→ **Dataset section**
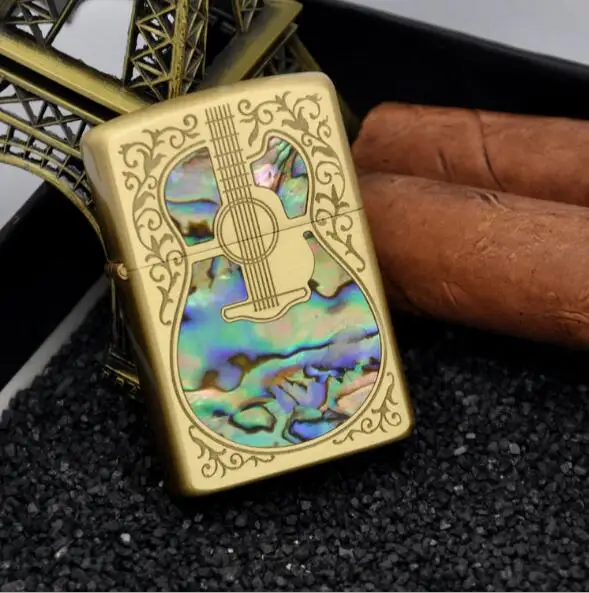 

Colourful Zorro kerosene lighter with gold plated pure copper shell and white steel inner liner with front seals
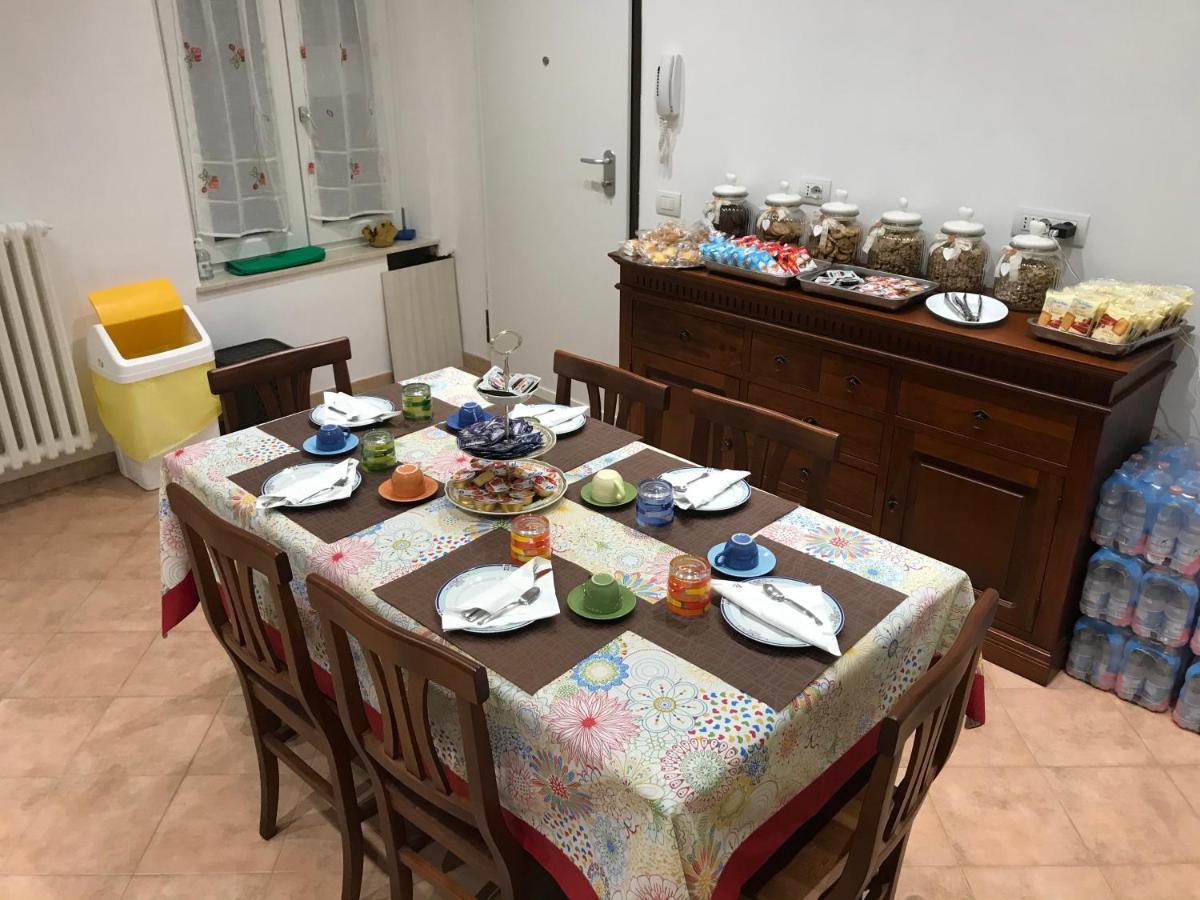 B&B Giulia Парма Экстерьер фото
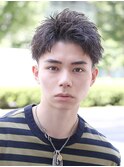 短髪アップバングルーズパーマショート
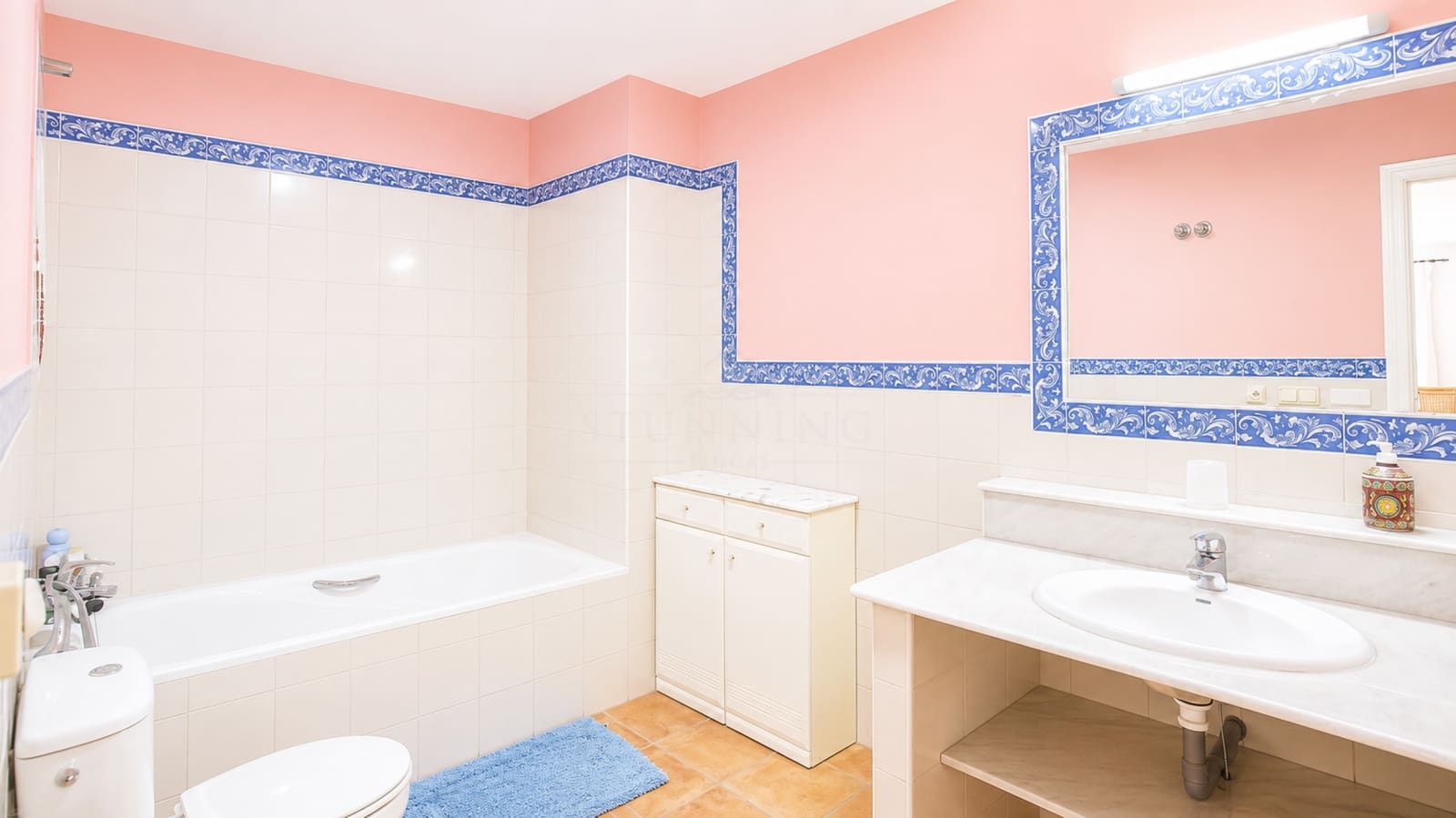 8 bedroom Finca/Country House for sale in Gaucin with pool garage - € 2,490,000 (Ref: 8845169)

→ **Instructions to follow**
What you need to copy is the run of lines from the one holding "B&B Giulia Парма Экстерьер фото" through the end of the data, exactly and only, both ends included, pictures omitted.

→ **Task solution**
 B&B Giulia Парма Экстерьер фото
 短髪アップバングルーズパーマショート
 8 bedroom Finca/Country House for sale in Gaucin with pool garage - € 2,490,000 (Ref: 8845169)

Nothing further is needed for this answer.